Dua pihak sama-sama merasa sedang membela rakyat, sama-sama merasa benar sendiri dan menyalahkan pihak lain, sama-sama yakin sehingga kalau perlu berusaha memaksakan pendiriannya agar diterima pihak lain. Karena itulah perang adalah hiasan yang tak pernah ketinggalan dalam sejarah umat manusia, disegala tempat dan disegala jaman.
Keesokan harinya, biarpun suasana dengan pihak Siau-lim-pai masih agak kurang enak, namun Tong Lam Hou bertiga datang juga ke wihara Gong Sim-si untuk menghadiri perabuan jenazah Pun Hoat Hwe Shio. Setelah itu barulah mereka meningglkan kota Seng Toh terus ke Pak-khia.
Sementara itu, rombongan lain yang menuju ke Pak-Khia sudah menempuh jarak lebih jauh dari ketiga kakek yang berjalan santai itu. Merekalah Tong Gin Yan, Pak Kiong Eng, Hu Se Hiong, Ji Han Lim dan Kiong Wan Peng. Sebuah perjalanan yang tergesa-gesa sebab dalam rombongan itu terdapat keselamatan anaknya.

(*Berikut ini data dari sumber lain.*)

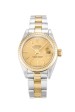 Rolex Replika Ure Datejust Lady 69173-26 MM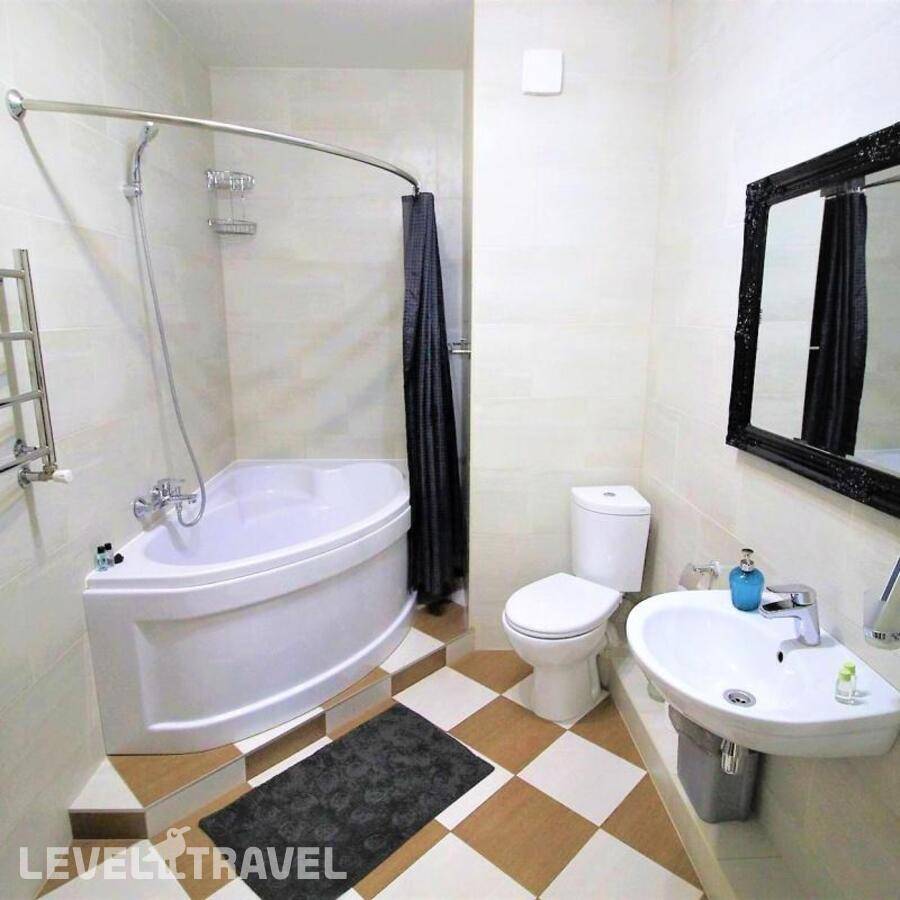 фотографии отеля Краун39 в Россия(Калининград) - фото №6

Mereka sudah keluar dari propinsi Se-cuan dan menyebrangi Sungai Tiang Kang. Sehingga tiba dibelahan utara dari wilayah kekaisaran.
Pada suatu hari, ketika lima orang itu tengah berkuda menyusuri sebuah jalan pegunungan yang sunyi, dari arah depan muncul serombongan penunggang kuda lainnya yang berpapasan arah. Pemimpin rombongan itu adalah dua lelaki bertubuh tegap dan bermata tajam. Mestinya hal biasa, tetapi yangistimewa adalah cara berpakaian para penunggang kuda itu.
Saat itu ialah jaman Kaisar Yong Ceng, penguasa ketiga dari dinasti Manchu setelah Sun Ti dan Khong Hi, jaman dimana kaum lelaki menguncir panjang rambutnya. Model pakaiannya pun khas jaman itu. Tetapi rombongan berkuda yang berpapasan itu berpakaian seperti orang jaman dinasti Beng yang sudah tenggelam seratus tahun lebih. Rambut mereka tidak dikuncir, melainkan digelung, sehingga mirip rombongan pemain sandiwara keliling.
Sikap mereka ketika berpapasan dengan rombongoan Hwe-liong-pang, juga menunjukkan sikap penuh kebencian. Salah seorang dari mereka bahkan meludah jijik, seolah mereka berpapasan dengan serombongan orang berpenyakit menular. Namun kedua belah pihak berpapasan begitu saja tanpa timbul peristiwa lebih lanjut.
“Orang-orang aneh," komentar Ui-bin Peng-hoi Hu Se Hing ketika sudah berpapasan agak jauh.
"Kita harus waspada, Hiang-cu," Tong Gin Yan memperingatkan. "Sikap mereka kelihatan amat membenci kita, barangkali mereka mengenal siapa kita, dan punya alasan untuk bersikap demikian terhadap kita,"
Hui-po-sin Ji Han Lim ikut menimbrung bicara, "Pakaian mereka mengingatkan aku kepada suatu golongan."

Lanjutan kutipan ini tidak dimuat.